En este contexto, garantizar la disponibilidad y estabilidad del suministro energético se convierte en un factor clave para mantener la eficiencia y la confiabilidad operativa de estas infraestructuras.

Nuevos criterios para el diseño de infraestructura tecnológica

El análisis señala que los modelos tradicionales de diseño de centros de datos requieren ajustes para responder a los nuevos niveles de procesamiento y densidad informática que demanda la inteligencia artificial.

Entre los principales criterios técnicos identificados se encuentra la necesidad de integrar de forma conjunta los sistemas de energía y enfriamiento. El uso combinado de tecnologías como el enfriamiento líquido directo a componentes y sistemas eléctricos avanzados permite mejorar la eficiencia operativa, facilitar la escalabilidad y evitar limitaciones en el rendimiento de cargas de trabajo asociadas a IA.

Otro aspecto relevante es el uso eficiente de la energía disponible. Los expertos advierten que el crecimiento del consumo energético obligará a optimizar el uso de cada recurso, reduciendo desperdicios mediante monitoreo en tiempo real, distribución optimizada de la energía y alineación entre las cargas informáticas y la capacidad instalada. En América Latina, se prevé la apertura o construcción de centros de datos con capacidades superiores a 50 megavatios, lo que incrementará la necesidad de sistemas energéticamente eficientes.

Balance entre costos, redundancia y gestión de riesgos

El diseño de infraestructura para inteligencia artificial también exige analizar el costo total de operación, los niveles de redundancia y el impacto potencial de fallas técnicas. Según el análisis, un equilibrio adecuado entre estos factores permite mejorar la inversión tecnológica, la escalabilidad y la confiabilidad operativa.

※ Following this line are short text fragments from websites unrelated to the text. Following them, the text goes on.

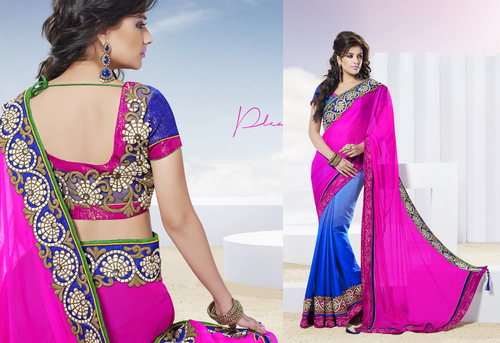 Pink & Exotic Blue Designer Festive Saree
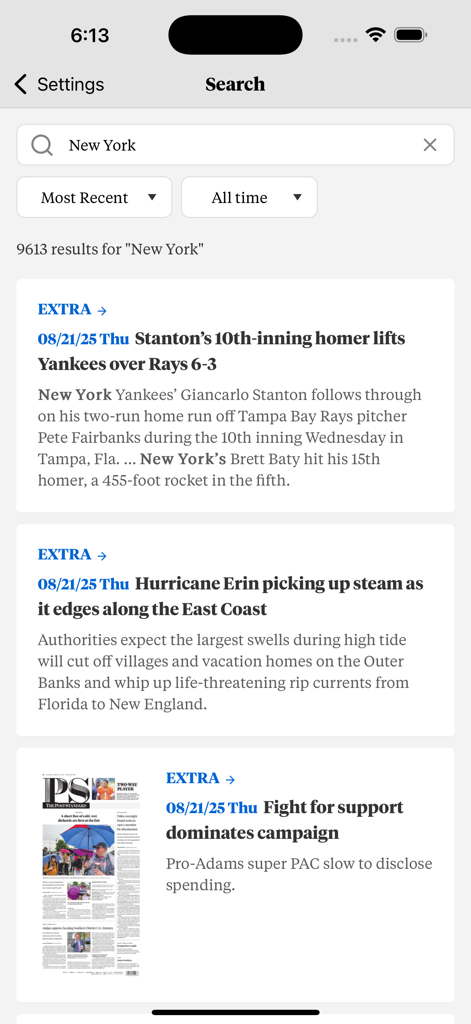 The Post-Standard - Search results for New York in The Post-Standard mobile app showing local news headlines and sports updates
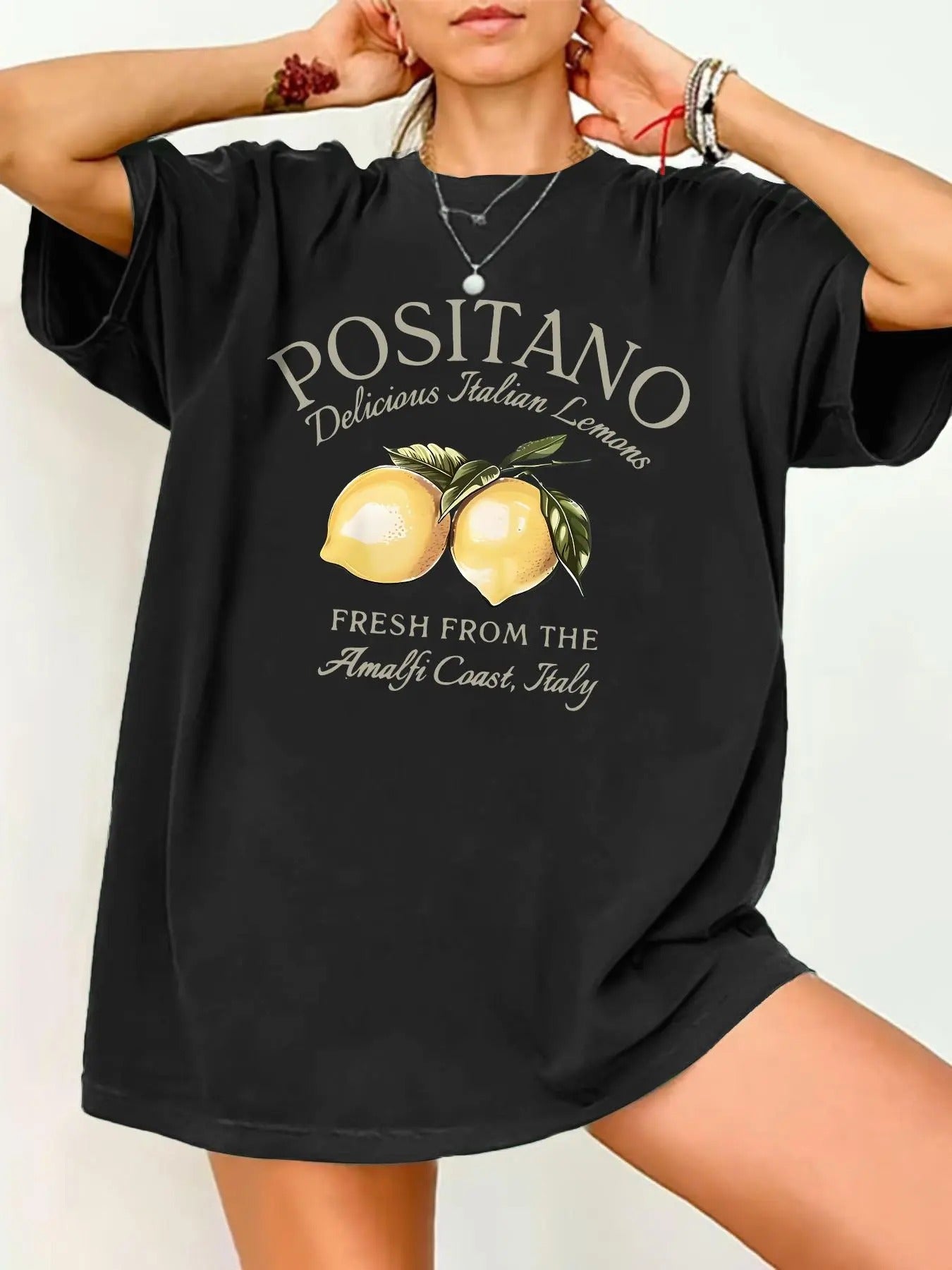 Women's Lemon Print Round Neck Tee, Casual Short Sleeve Crew Neck T-shirt for Summer, Fashion Women's Top for Daily Wear...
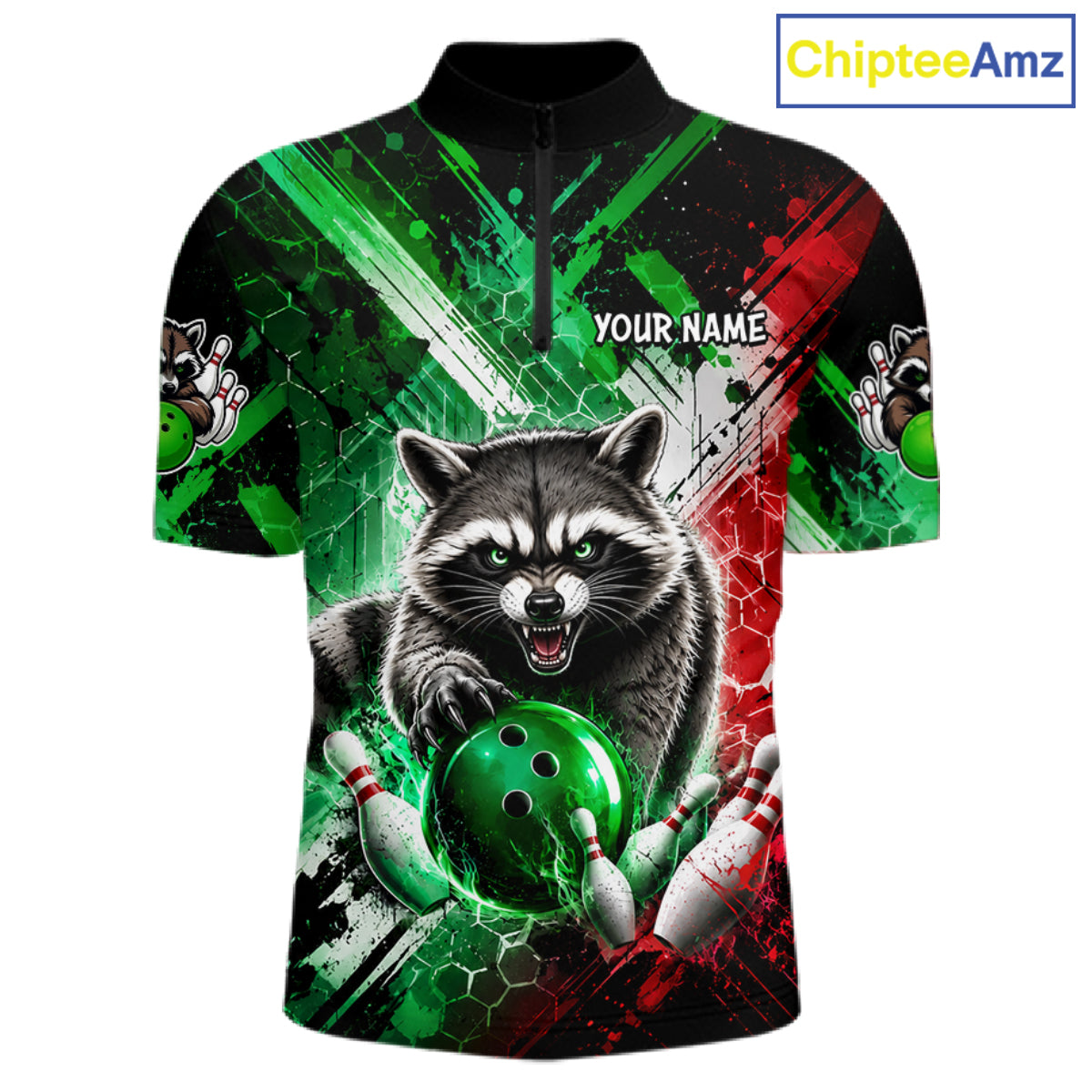 Raccoon Bowling Polo Team League Shirt, Men Bowling Jersey, Bowling League Team Gift NHT1489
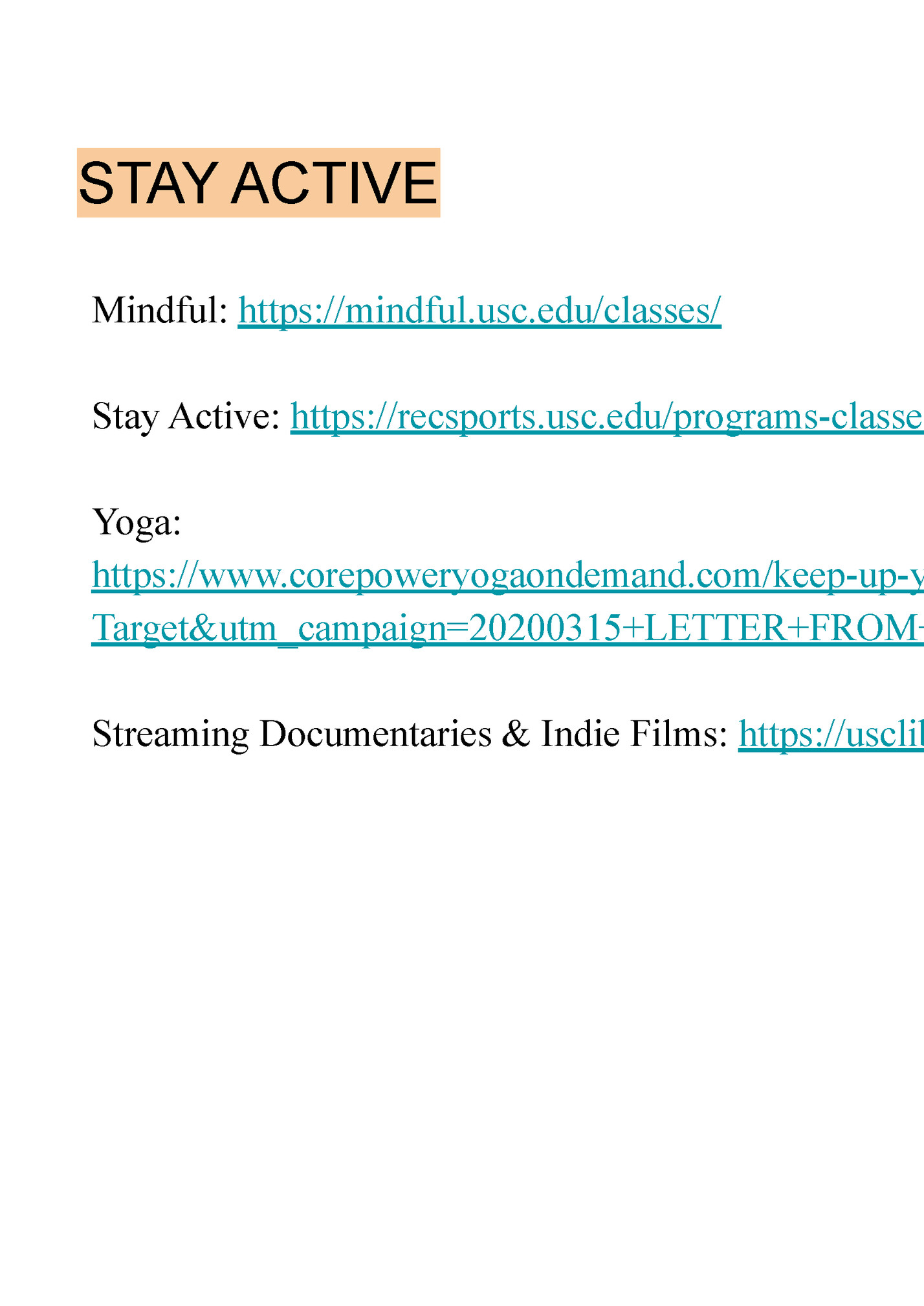 STAY ACTIVE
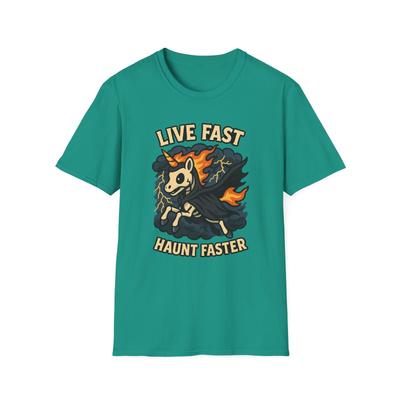Unisex Softstyle T-Shirt Mens Womens Tees Top Live Haunt Faster Boonicorn Ghost Unicorn Halloween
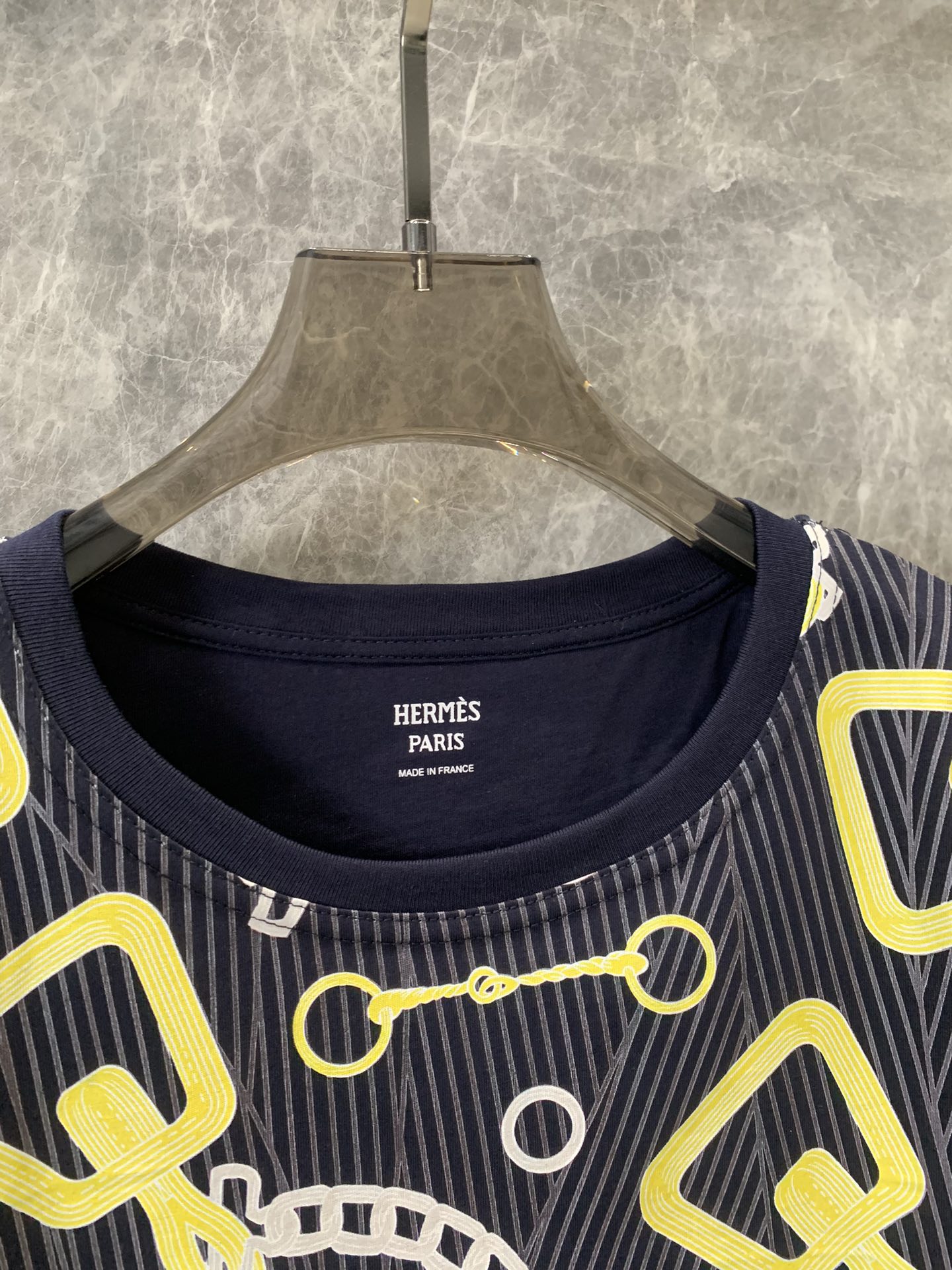 カジュアル お洒落 コットン 半袖Tシャツ エルメス Tシャツ コピー ブラック-3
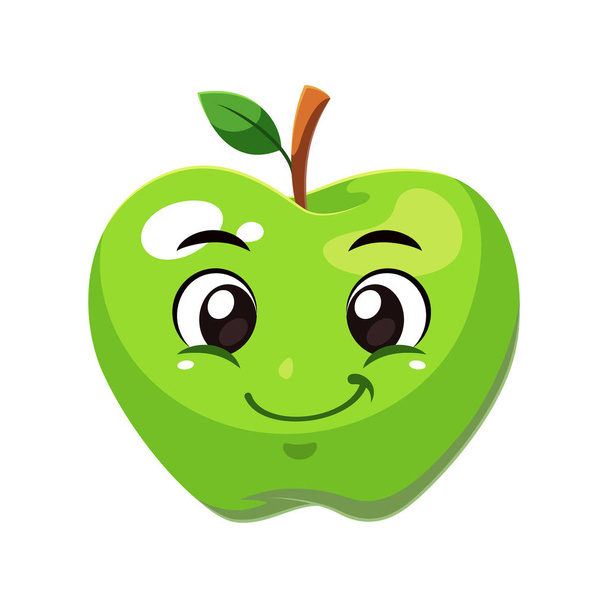 Yeşil elma meyve vektör - Vektör, Görsel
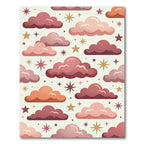 Celestial Blush Pink Cloud Starry Sky Rug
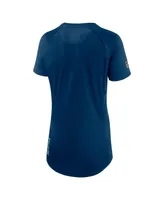 Women's Fanatics Deep Sea Blue Seattle Kraken Authentic Pro Rink Raglan Tech T-shirt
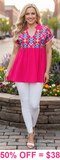 Pink top with Tribal embroidery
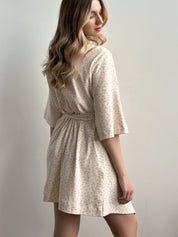 Ribbed bathrobe short smooth knit pink rose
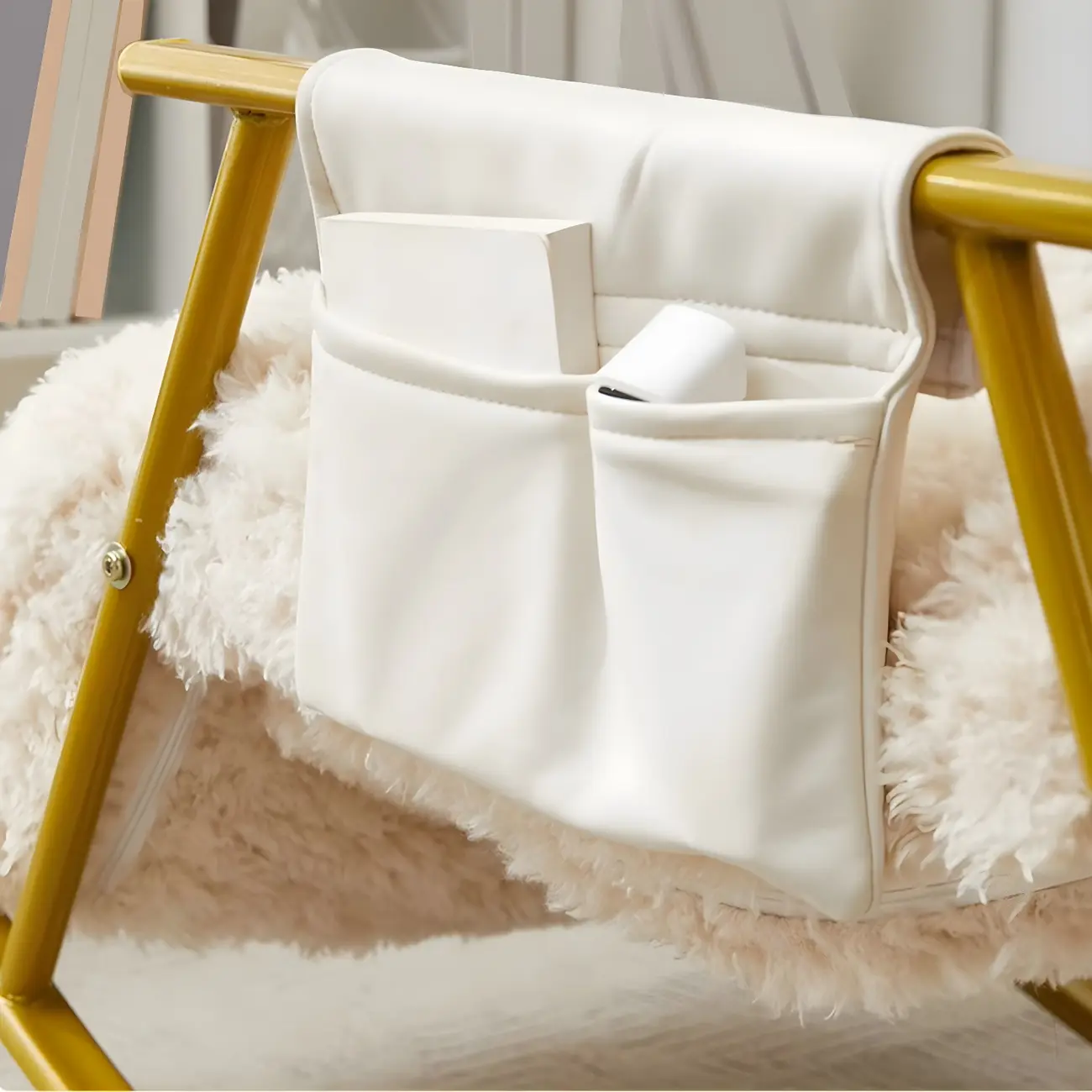 Modern Upholstered Metal Armchair Rocker Recliner for Indoor Image - 5 | homeyfad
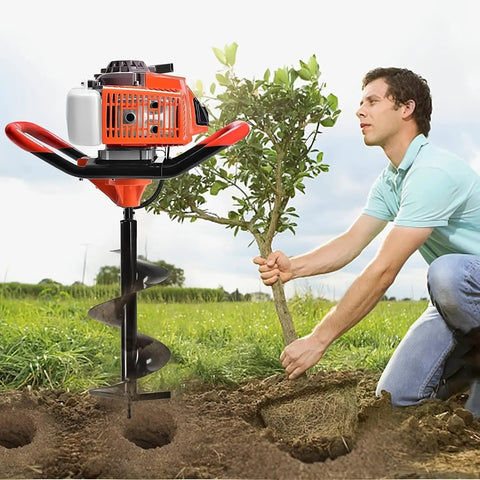 85cc Gas Powered Post Hole Digger With Earth And Ice Auger, Includes 4in 8in And 12in Drill Bits, Two 30 Inch Extensions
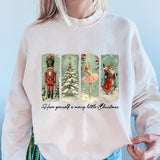 Christmas Joy Elements Print Crew Neck Sweatshirt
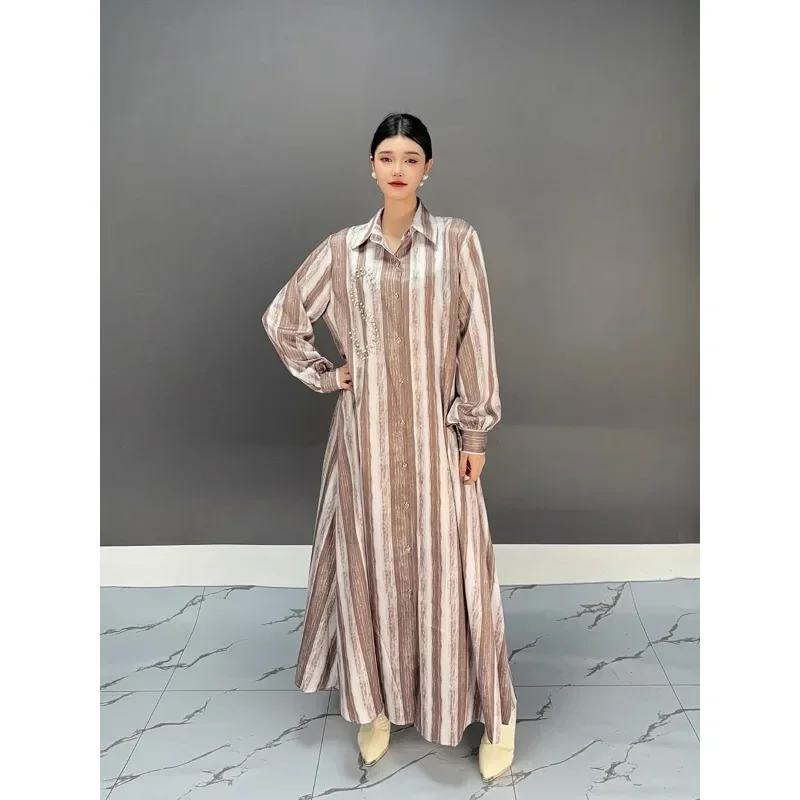 

SuperAen Original Design Loose Floral Stripes Retro Casual Long Dress Women Autumn Oversize Single A-line Dress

Asimismo, el uso de herramientas de gestión remota puede reducir significativamente los tiempos de recuperación ante fallas del sistema.

Infraestructura preparada para cargas variables

Las cargas de trabajo asociadas a inteligencia artificial presentan variaciones significativas en su demanda de recursos, por lo que los centros de datos deben contar con capacidad de reserva y sistemas de control que permitan responder a picos de procesamiento sin afectar la operación.

El informe también destaca la importancia de combinar sistemas de enfriamiento por aire y líquido, ya que esta integración permite adaptarse a diferentes niveles de carga informática y mejorar la eficiencia energética.

Proyección a largo plazo

Especialistas advierten que la planificación de infraestructuras para inteligencia artificial debe contemplar escenarios futuros, considerando el crecimiento acelerado de la capacidad computacional. Según estimaciones técnicas, en el futuro la capacidad informática que actualmente requiere un centro de datos completo podría concentrarse en un solo rack de alta densidad.

Adaptación a infraestructuras de alta densidad

El documento señala que algunas organizaciones han enfrentado limitaciones de espacio o restricciones en sus sistemas eléctricos al intentar implementar racks de alta densidad. Como ejemplo, se menciona el caso del centro de datos Colovore, ubicado en Silicon Valley, diseñado para soportar cargas de trabajo relacionadas con inteligencia artificial, aprendizaje automático y análisis de grandes volúmenes de datos. Este centro puede alcanzar hasta 50 kilovatios por rack y utiliza un modelo de pago basado en consumo energético.

El análisis también recomienda la implementación de sistemas modulares que permitan ampliar la capacidad tecnológica a medida que aumentan las cargas informáticas. Entre las soluciones mencionadas se encuentran sistemas de refrigeración con alta temperatura de agua, tecnologías de enfriamiento natural, sistemas UPS escalables y redes de distribución eléctrica mediante busway.

El documento concluye que la expansión de la inteligencia artificial está impulsando la necesidad de rediseñar la infraestructura tecnológica para garantizar eficiencia, confiabilidad y capacidad de crecimiento frente a las nuevas demandas de procesamiento digital.